The race horse business was seasonal so Wyatt spent the summers teaching. The lesson program was born when Wyatt started teaching her niece Elizabeth Wyatt Adams to ride in 1991.
Wyatt teaches her students more than just how to ride. She fosters horsemanship by involving students in the care of the horse. Students in the Foxtrack lesson program are responsible for getting their ponies from the paddock, grooming them, tacking them up, and after the lesson washing the ponies, cleaning tack and returning the ponies to the paddock.
"I don't take children under the age of eight because most of them don't have a strong enough work ethic before that age," Wyatt says.
Wyatt takes a large contingent of junior riders fox hunting every season. "Any child that Mel takes hunting is well-prepared," says Mike Russell who has known Mel since 1969. Russell runs a boarding stable in Vass and is a long-time foxhunter. He leads the hill-toppers in the hunt field. "If any child has a problem, the whole group pitches in to help. There is a lot of team spirit. Mel does a great job."

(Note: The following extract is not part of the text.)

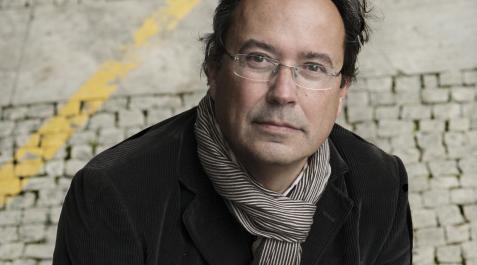Juan_Arnau,_2019 Esta tarde visita Navarra el filósofo valenciano Juan Arnau,quien presentará su libro 'En la mente del mundo: la aventura del deseo y la percepción'.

Cameron Slade, a joint Master of the Moore County Hounds, echoes Russell. "Mel does a great job of getting the juniors ready to hunt, accessing their ability and where to have them ride in the hunt field to ensure they have a good experience hunting. Mel contributes a lot of time and effort to make it possible for children to go out and enjoy fox hunting. And she is smiling every time I see her."
Wyatt excels at a multitude of equestrian sports. A few years ago, she took part in a "horse show of legends." Wyatt was on Mike Plumb's team.
Each competitor rode a Dressage test, a show-jumping course and then drove a horse put to a carriage.
"Mel beat the hell out of all of us. She was superior and I thought I would win," said eight-time Olympian Plumb.
"This town is so lucky to have Mel," says Plumb a member of the U.S. Olympic Hall of Fame. "I believe she knows how to start the process of riding. She's a supporter of safety, good technique and riding knowledge from the very beginning (of a rider's experience). I admire her enthusiasm, interest and energy."
Besides riding, Wyatt has pursued the martial arts since 1981. She recently was awarded a 7th degree Black Belt (9th being the highest achievement). Wyatt is currently a Grand Master Candidate. "A Grand Master Candidate means you give back to the sport," says Wyatt who teaches part-time at the Marshall Arts Academy of Southern Pines.
Wyatt is a tireless ambassador of equestrian sports, "giving back" with enthusiasm and dedication.